Longlegs es una película que trata sobre la posesión, lo mismo que su predecesora más eminente dentro de la fulgurante carrera de Oz Perkins: The Blackcoat’s Daughter. En el que aparecen la ofrenda y el sacrificio propios de un ritual malvado, con un papel casi idéntico en ambos filmes para la actriz Kiernan Shipka. Porque todas las películas de Oz Perkins son alabanzas explícitas al Mal y su encarnación arquetípica. De hecho, ¿sabemos por qué se llama así la película? Como en la propia vida de Perkins, la figura principal de su película parece ser la de su padre. No en vano el de Lee Harker, ese “ángel caído”, es ese “amigo de un amigo de un amigo” también conocido como el “hombre de abajo”… Al que Perkins pretende glorificar con su cine.

El cine de Oz Perkins destaca por razones internas y a la vez externas a todas sus películas. Como ocurre con la reciente Beau tiene miedo (2023), está claro que Longlegs (2024) busca hablar, de forma encubierta, de la historia personal de su director, todo un “alto iniciado”, solo que algunas de las circunstancias familiares de Perkins son públicas, mientras que las de Aster siguen clausuradas en el ámbito de lo privado.

Recordemos, en ese sentido, que Berry Berenson, la madre del director, fue una modelo nacida en 1948 que murió el 11 de septiembre de 2001 en el Vuelo 11 de American Airlines que se estrelló contra el World Trade Center de Nueva York. Por su parte, la tía de Oz y hermana de Berry, Marisa Berenson, fue a su vez la estrella protagonista de Barry Lyndon (1975).

Hablamos, pues, de una dinastía de Hollywood llena de desgracias y extraños símbolos de carácter siniestro… Al más puro estilo Kennedy.

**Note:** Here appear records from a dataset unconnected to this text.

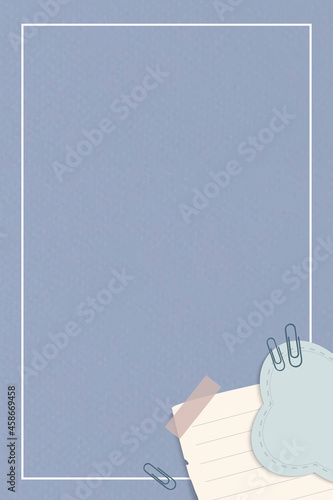 Corner decoration notepaper set with clips and tape on blue background vector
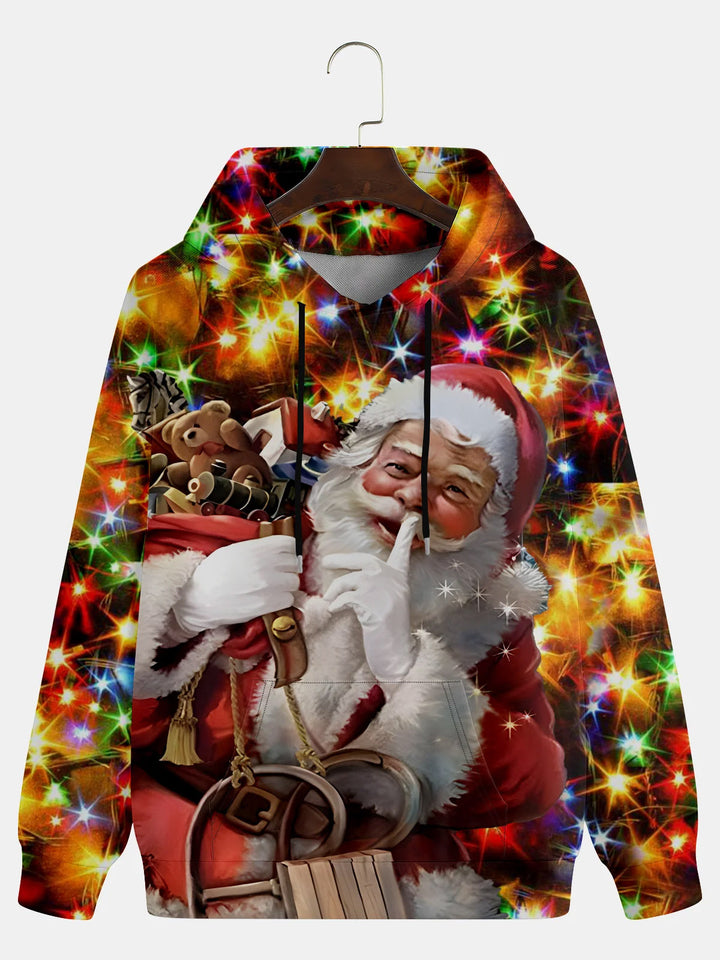 Christmas Lights and Santa Hoodie Sweatshirt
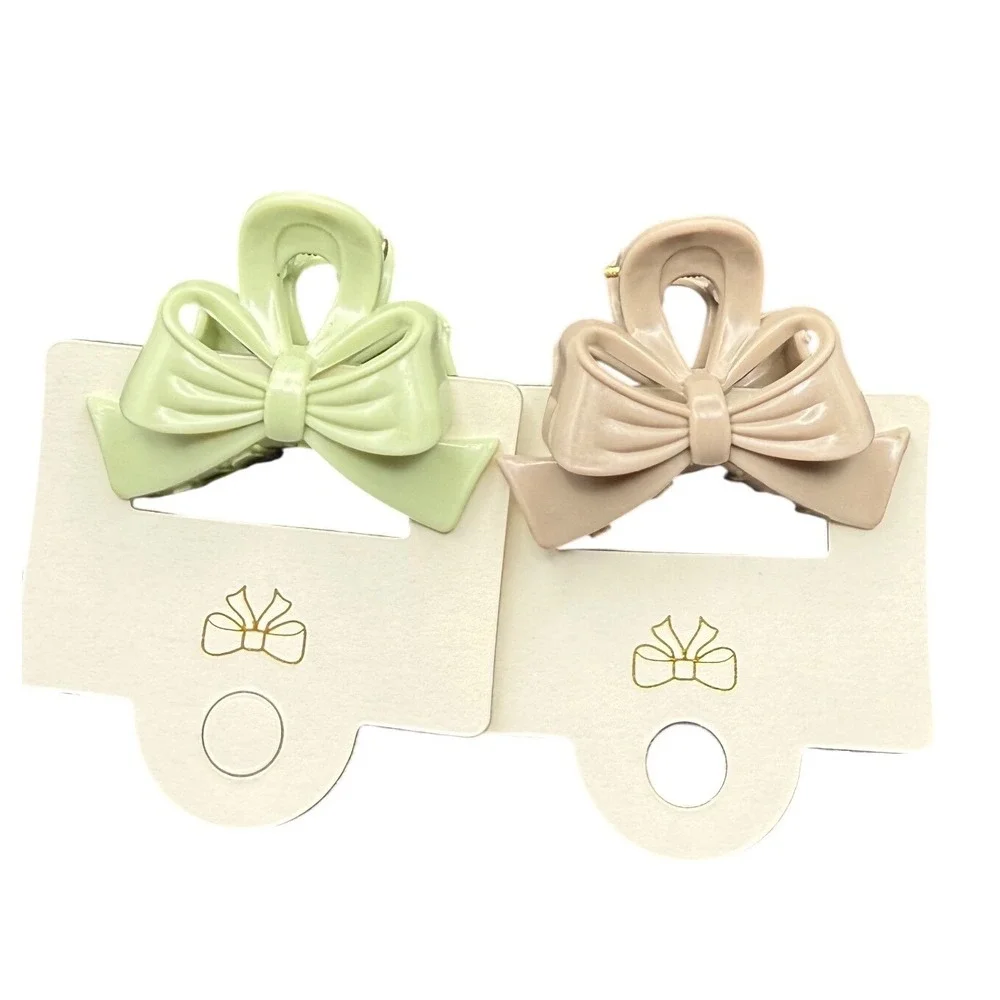 Set of 2 Matte mini Bow Hair Clips‎ Sage Green and Tan Beige Ribbon Style Clips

Ahora vayamos con el nombre de la protagonista de Longlegs; el personaje de la Monroe (sic) se llama como el asesino de Kennedy (Lee Harvey Oswald) y se apellida como un personaje crucial de la novela de Bram Stoker sobre el Señor de las Tinieblas (Jonathan Harker): Lee Harker. Y, al final de la película, acabará en compañía de una niña llamada Ruby (a Oswald lo mató Jack Ruby ante millones de espectadores en todo el mundo)… Entre otras sincronicidades donde se manifiesta lo arquetípico.

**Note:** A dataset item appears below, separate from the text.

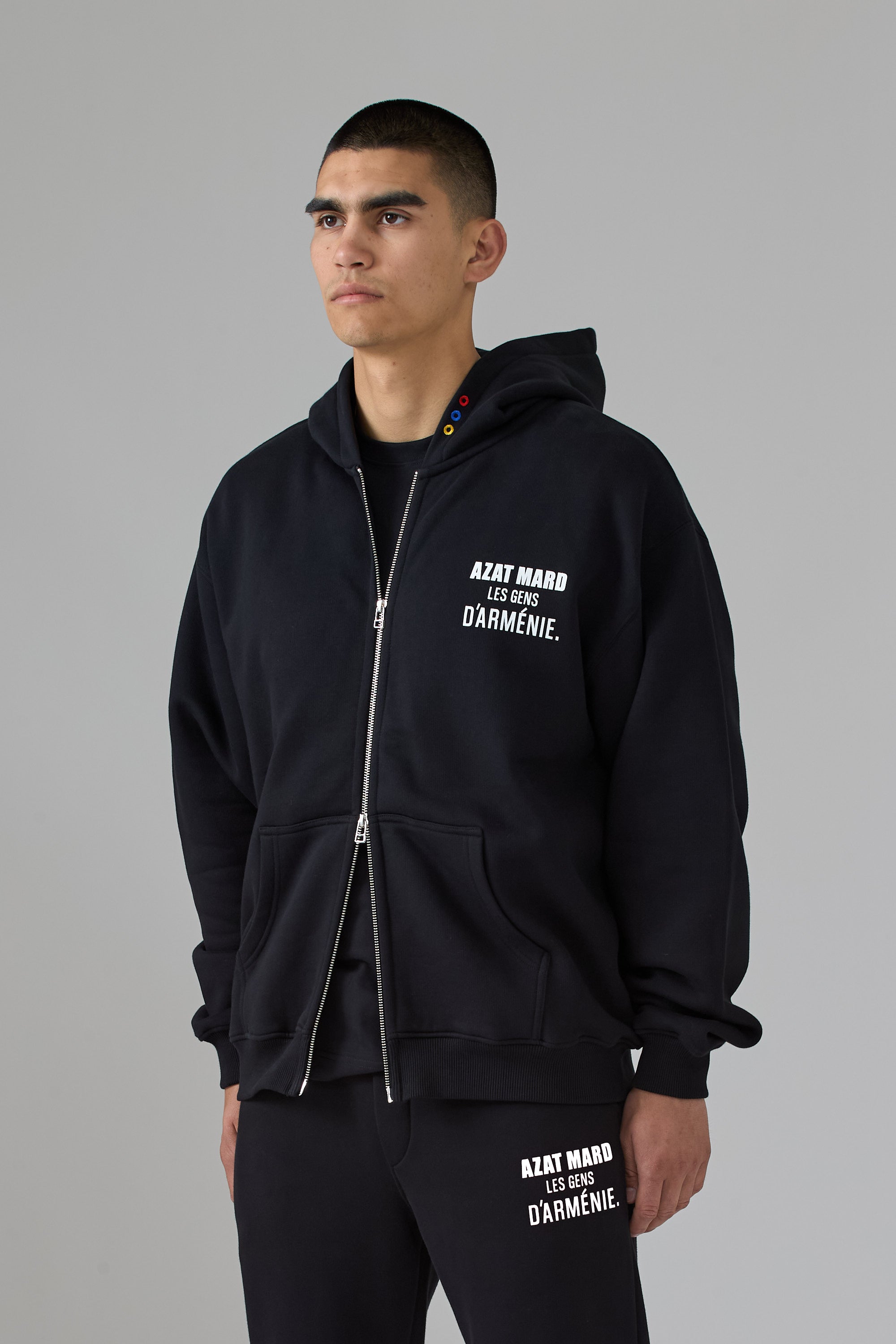 LES GENS BLACK/WHITE ZIPPER HOODIE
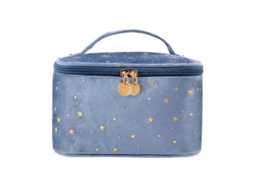 2026 linjou Bolsa de Maquillaje de Terciopelo Con Asa Y Cepillos, Azul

Además de lo anterior, cabe añadir que  en la película se menciona explícitamente el papel que tuvo Charles Manson, en tanto que controlador mental de asesinos zombificados, en los asesinatos de “La Familia” que tuvieron lugar el 8-9 de agosto de 1969 en el 10050 Cielo Drive y que, hoy en día, siguen siendo los crímenes rituales más terribles y públicos jamás acontecidos en la Babilonia californiana. Por cierto que el móvil oficial de dicho asesinato, que se saldó con la muerte de (entre otros) la actriz Sharon Tate (entonces esposa del director Roman Polanski, autor de la adaptación de La semilla del Diablo), fue acabar con la vida de Terry Melcher, productor musical e hijo de la actriz Doris Day, que actuó para Hitchcock en la célebre El hombre que sabía demasiado (1956), otra película llena de símbolos que trata desde una óptica macabra sobre las relaciones familiares.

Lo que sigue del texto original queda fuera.